Farmers vs. the Feds
Modesta Salazar remembers playing baseball with her 12 brothers and sisters on the family farm outside the South Texas town of Pearsall, where her father and brothers grew cotton, corn and maize. “All this was beautiful,” she said wistfully, looking out over more than 500 acres of once-lush fields that are now scrubland, overtaken by mesquite trees and cactus. “Now it’s just stories.”
The cause of the decline, Salazar said, is discrimination by the U.S. Department of Agriculture since the 1960s in the awarding of loans and other federal benefits to minority farmers.
She and more than 1,000 other Hispanic farmers in Texas and other states sued the USDA a decade ago, demanding that the government make reparations and change its ways. Last month, Congress agreed to multibillion-dollar settlements for mistreatment — but with black and American Indian farmers. Hispanic farmers say the government has offered them a laughable sum by comparison.
“The government seems to be of the view they can simply throw some money — and very little money at that — at the problem, and ignore completely the practices that caused these lawsuits,” said Stephen Hill, a partner at the Howrey law firm in Washington and the lead lawyer in the Hispanic farmers’ case.
The Agriculture Department acknowledges the mistreatment that has been alleged. Secretary Tom Vilsack has said his agency is committed to resolving past discrimination cases, and government officials insist they are working to ensure that the plaintiffs get a quick and equitable settlement. But the Agriculture and Justice Departments argue that the Hispanics’ suit is different from the one brought by blacks and Indians. Unlike the other minority farmer lawsuits, judges who presided over the Hispanic farmers’ case said the group did not share enough in common to file a class-action lawsuit.
Salazar’s father, Juan Rodriguez, bought the farm in 1952. Neighbors told him that the two previous owners had each lost the farm and warned him that local Agriculture Department agents would try to drive off his family as well. A few years later, a local bank told Rodriguez that he owed $1,000 — a loan he did not remember receiving — and that he would lose the land if he did not pay it. An Anglo woman at the bank who had seen a similar scenario before wrote Rodriguez a check on the spot, saving the farm.
Problems with the Agriculture Department persisted, Salazar said, and loans needed for planting would come too late or not at all.
When he died in 1982, his sons took over the Pearsall farm and also encountered problems with the Agriculture Department. Loans were denied, and even when high-level officials ordered local agents to lend the family money, it never came. The brothers filed complaints, sent letters and pleaded for help. One by one, Salazar said, her brothers had to leave the farm until finally only her brother Modesto Rodriguez remained.
When he had a series of disabling strokes, Salazar continued the struggle.

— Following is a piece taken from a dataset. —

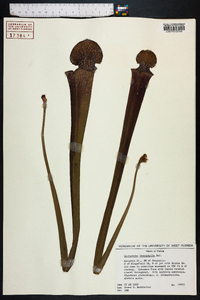 Sarracenia leucophylla image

Today, the farm’s only inhabitants are a few cattle and horses and a small group of abandoned dogs.
In 2001, the government began foreclosure proceedings that are on hold, pending the outcome of the lawsuit.
This year, the Justice and Agriculture Departments offered Hispanic farmers $1.33 billion to settle their discrimination claims and the claims of women farmers in a similar lawsuit.
Then, Congress approved a settlement of more than $2.25 billion with black farmers — even though census data indicated that nationwide there were about twice as many Hispanic farmers. The government’s offer would also cap damages for individual Hispanic farmers at $50,000.
Hill and other lawyers on the case told government lawyers that the proposal was “woefully inadequate.” Since then, Hill said, negotiations are at a standstill.
Government officials said they had gone to great lengths to be fair to Hispanic farmers. If not for Vilsack’s efforts to settle the claims quickly and fairly, the officials said, each of the thousands of Hispanic farmers would have to spend years arguing in court. (The current offer, they said, allows farmers who believe they are entitled to more than $50,000 to pursue their cases in court.)
“We believe that the voluntary settlement process we set forward is a fair option,” said Jessica Smith, a Justice Department spokeswoman.
As Salazar stepped over cactus and cooed at dogs that roam the ruins of mobile homes and rusted farm trucks, she said she hoped the case was resolved in her lifetime.
Maybe some of her dozens of nieces and nephews will be able to make a living here, she said, and finally vindicate her family after years of mistreatment.
“We’ve gone through hell,” she said. “I’m willing to do anything.”